27 Aug The passing of time is not the only criteria to be considered in the exercise of the right to be forgotten
On 15 June 2017, the Italian Data Protection Authority (hereinafter, “Garante”) partially upheld the action brought by a high ranking public official who asked to delete some URLs from the list of results displayed when googling his name.
These results concerned a criminal case which occurred 16 years ago, which ended in a sentence against him. Despite his rehabilitation, the claimant complained about the persistence of some articles about his past criminal case on the web. The URLs at stake referred specifically to an article written in 2001 (immediately after the fact) and other articles written between 2012 and 2016.
Legal framework and main issues
The decision at stake provided further clarifications on the limits of the right to be forgotten, as established by the Court of Justice of the European Union (hereinafter, “CJEU”) in the “Google Spain” judgement.
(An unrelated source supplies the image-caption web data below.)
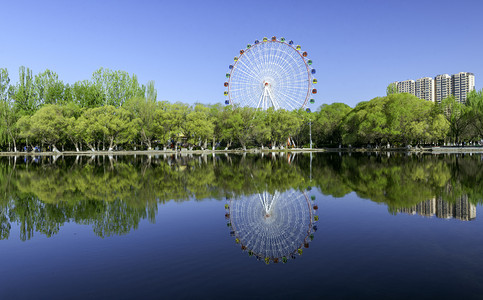 游乐园设施摄影照片_公园游乐设施上午树木湖水夏季素材摄影图配图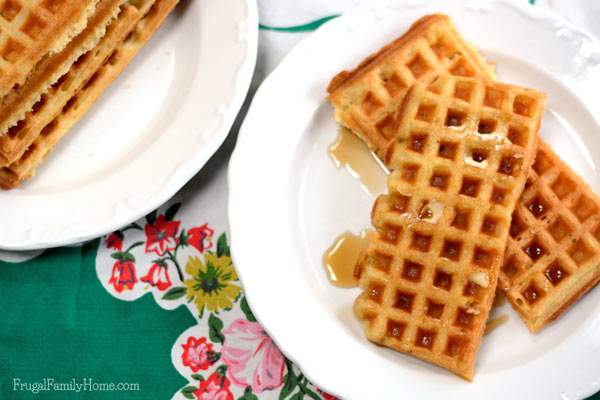 Homemade waffles on a plate with butter and syrup.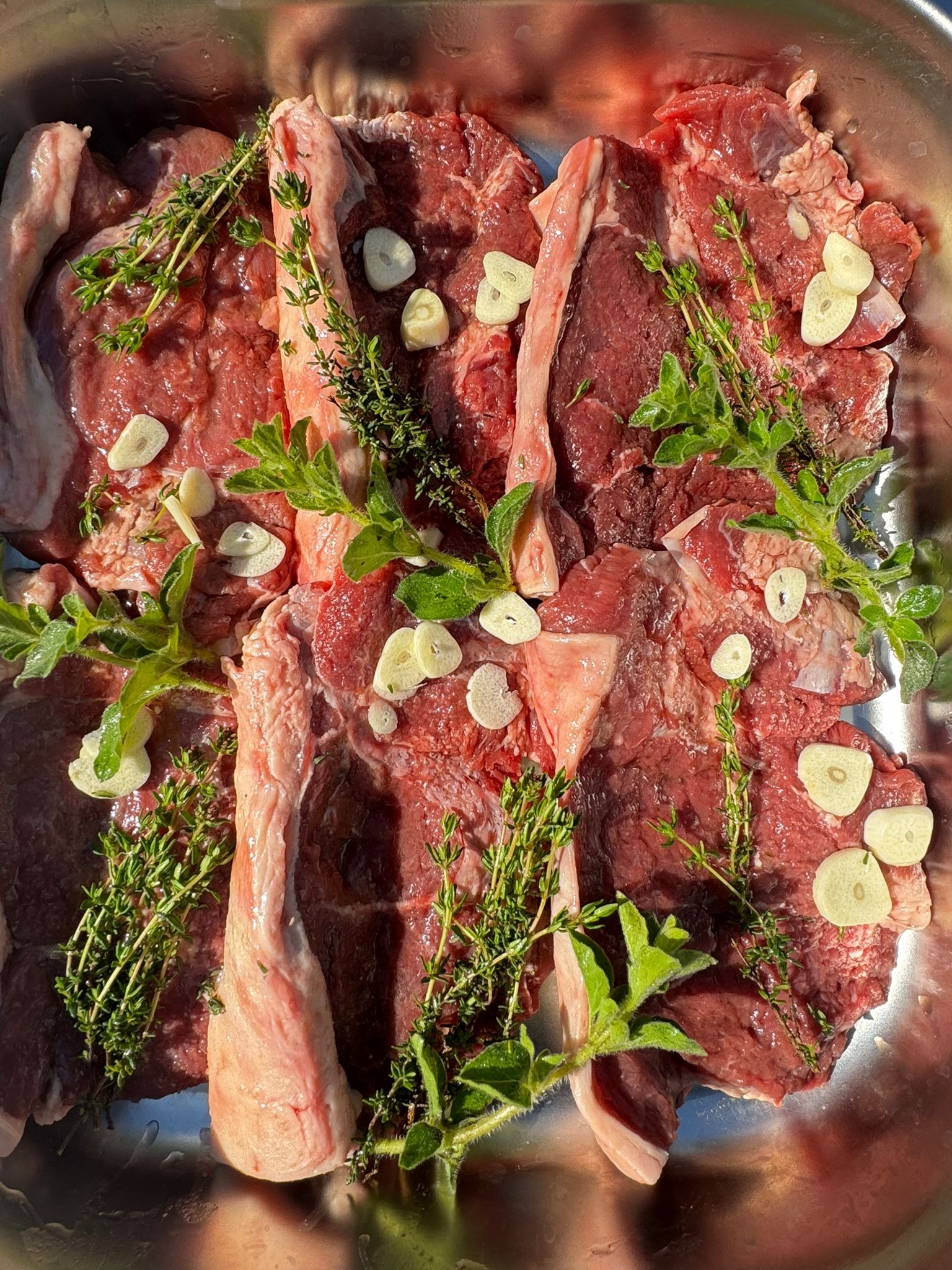 Surowe steki wołowe z kością, doprawione świeżym tymiankiem i czosnkiem w metalowej brytfannie, przygotowane do pieczenia lub grillowania.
Specifically, according to the Garante, the passing of time is not the only element to take into consideration in the evaluation of a legitimate exercise of the right to be forgotten.
Google defence argued that the URLs related to the articles appeared as results of the search only when the name of the claimant was searched with words such as “sentenced” and not on its own. Therefore, the results of the research were not technically made only “on the basis of his name”, which was the trigger condition requested by the “Google Spain” judgement for de-listing.
The Garante resolved the issue by taking into consideration the several interests involved in this case applying Article 29 Working Party’s Guidelines on the implementation of the Google Spain judgment.
According to these criteria, the flow of time is the most significant element to be considered but it is not the only one. There are other criteria which may be applied in the case at stake, such as the accuracy of the information and the public interest (i.e., when the data subject covers a public role).
Based on these, the Garante required Google to remove the news written in 2001, in virtue of the time passed and the inaccuracy of the information contained therein.
Regarding the 2012 and 2016 articles, the Garante took the opposite decision: the news were recent and, most importantly, accurate in reporting the sentence and the rehabilitation. Accordingly, the Garante established that the public interest prevailed.
When dealing with the right to be erasure (“right to be forgotten”), the flow of time alone cannot be a sufficient criterion to justify a news removal. The Garante will always consider other factors such as the right to information when a public person is involved as well as the accuracy of the reported information.
The decision at stake followed the guidance provided by the CJEU and the Article 29 Working Party, further specifying what was established in the “Google Spain” judgement.